Exercise details — What is needed is an exact copy of the line where "www.bellinodemolizioni.com" appears plus every later line in the material.

Information supplied —
# # # #
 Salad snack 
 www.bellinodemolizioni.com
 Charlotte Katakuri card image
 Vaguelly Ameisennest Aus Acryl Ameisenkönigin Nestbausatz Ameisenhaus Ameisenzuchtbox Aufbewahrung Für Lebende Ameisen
# # # #
The answer —
 www.bellinodemolizioni.com
 Charlotte Katakuri card image
 Vaguelly Ameisennest Aus Acryl Ameisenkönigin Nestbausatz Ameisenhaus Ameisenzuchtbox Aufbewahrung Für Lebende Ameisen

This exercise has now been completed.